Include only the line with "pizza + shareables" and the lines after it, each reproduced exactly as it stands in the entries below.

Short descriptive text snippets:

---------------

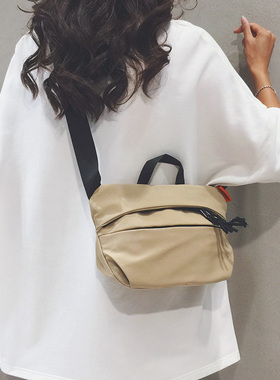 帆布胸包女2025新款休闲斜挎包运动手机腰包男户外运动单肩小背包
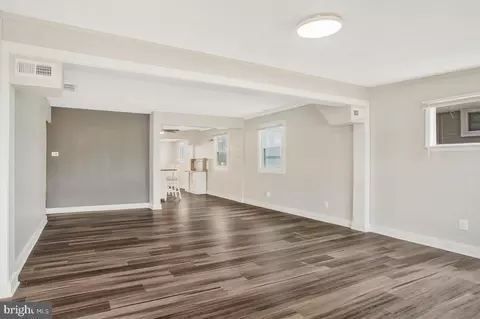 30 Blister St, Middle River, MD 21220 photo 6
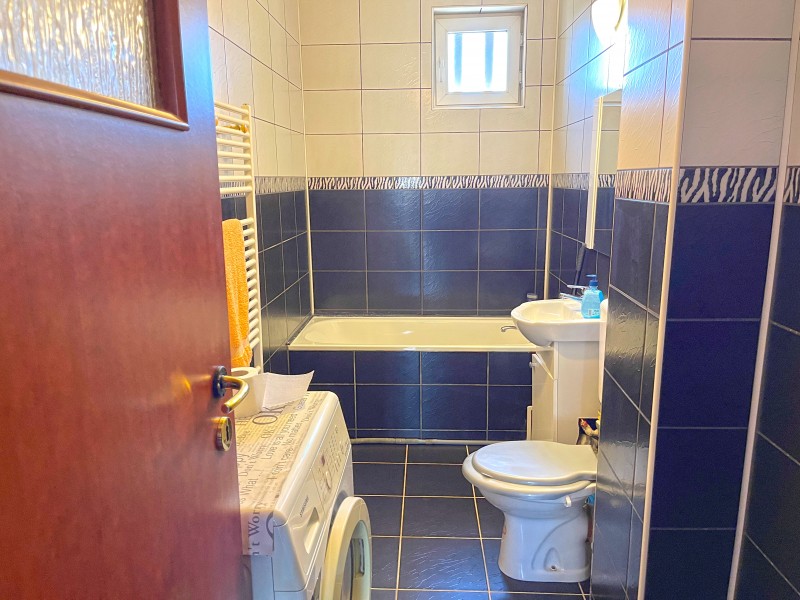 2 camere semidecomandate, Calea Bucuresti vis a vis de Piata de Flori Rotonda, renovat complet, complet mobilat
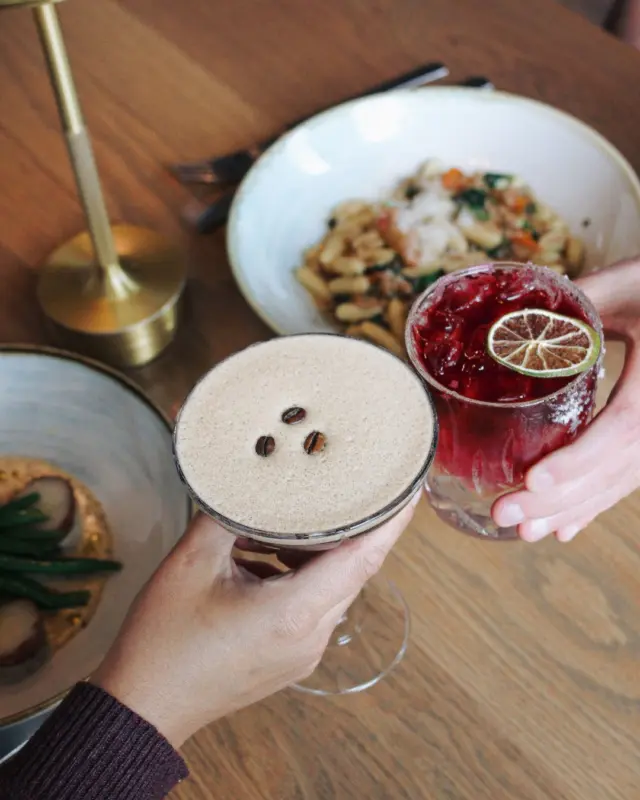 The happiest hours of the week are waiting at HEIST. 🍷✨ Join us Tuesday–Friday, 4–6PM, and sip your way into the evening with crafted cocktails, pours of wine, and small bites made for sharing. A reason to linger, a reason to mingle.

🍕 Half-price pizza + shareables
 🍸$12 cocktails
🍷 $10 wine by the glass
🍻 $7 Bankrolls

---------------

= Answer below =
🍕 Half-price pizza + shareables
 🍸$12 cocktails
🍷 $10 wine by the glass
🍻 $7 Bankrolls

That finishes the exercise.